INSTRUCTIONS TO FOLLOW
Among the entries below, one stretch runs from the line that contains "Bmw X5 F15 Дверь задняя левая цвет 416" through the line that contains "(c) Patrick Zachmann / Magnum Photos". Repeat that stretch exactly, ends included, and only that.

RECORDS PROVIDED
■ ■ ■ ■ ■ ■ ■

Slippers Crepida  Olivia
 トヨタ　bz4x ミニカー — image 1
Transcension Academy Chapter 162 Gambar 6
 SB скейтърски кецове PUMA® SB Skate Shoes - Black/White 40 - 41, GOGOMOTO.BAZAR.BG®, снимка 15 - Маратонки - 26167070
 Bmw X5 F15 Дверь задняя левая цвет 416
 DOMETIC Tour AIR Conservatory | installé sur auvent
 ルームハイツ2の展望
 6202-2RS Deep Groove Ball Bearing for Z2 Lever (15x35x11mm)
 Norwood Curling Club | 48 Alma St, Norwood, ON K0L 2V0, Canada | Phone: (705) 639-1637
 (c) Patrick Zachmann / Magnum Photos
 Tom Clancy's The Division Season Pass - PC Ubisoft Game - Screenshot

■ ■ ■ ■ ■ ■ ■

SOLUTION TO THIS PROBLEM
 Bmw X5 F15 Дверь задняя левая цвет 416
 DOMETIC Tour AIR Conservatory | installé sur auvent
 ルームハイツ2の展望
 6202-2RS Deep Groove Ball Bearing for Z2 Lever (15x35x11mm)
 Norwood Curling Club | 48 Alma St, Norwood, ON K0L 2V0, Canada | Phone: (705) 639-1637
 (c) Patrick Zachmann / Magnum Photos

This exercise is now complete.